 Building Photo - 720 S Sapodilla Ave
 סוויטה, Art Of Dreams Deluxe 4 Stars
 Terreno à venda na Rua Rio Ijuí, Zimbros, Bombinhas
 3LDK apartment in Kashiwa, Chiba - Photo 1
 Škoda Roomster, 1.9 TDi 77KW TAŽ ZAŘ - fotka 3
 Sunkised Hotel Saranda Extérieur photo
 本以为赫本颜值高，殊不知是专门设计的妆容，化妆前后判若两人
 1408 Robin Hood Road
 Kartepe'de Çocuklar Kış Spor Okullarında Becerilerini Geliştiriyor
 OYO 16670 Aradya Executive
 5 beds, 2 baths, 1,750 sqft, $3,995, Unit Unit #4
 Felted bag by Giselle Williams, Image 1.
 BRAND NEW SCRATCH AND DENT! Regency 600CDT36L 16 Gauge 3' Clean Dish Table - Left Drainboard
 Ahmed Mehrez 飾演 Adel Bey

※

◆ PROMPT ◆
Only a verbatim transcription of the lines from the one containing "BRAND NEW SCRATCH" through the last line of the records counts as the answer.

◆ ANSWER TO THE PROBLEM ◆
 BRAND NEW SCRATCH AND DENT! Regency 600CDT36L 16 Gauge 3' Clean Dish Table - Left Drainboard
 Ahmed Mehrez 飾演 Adel Bey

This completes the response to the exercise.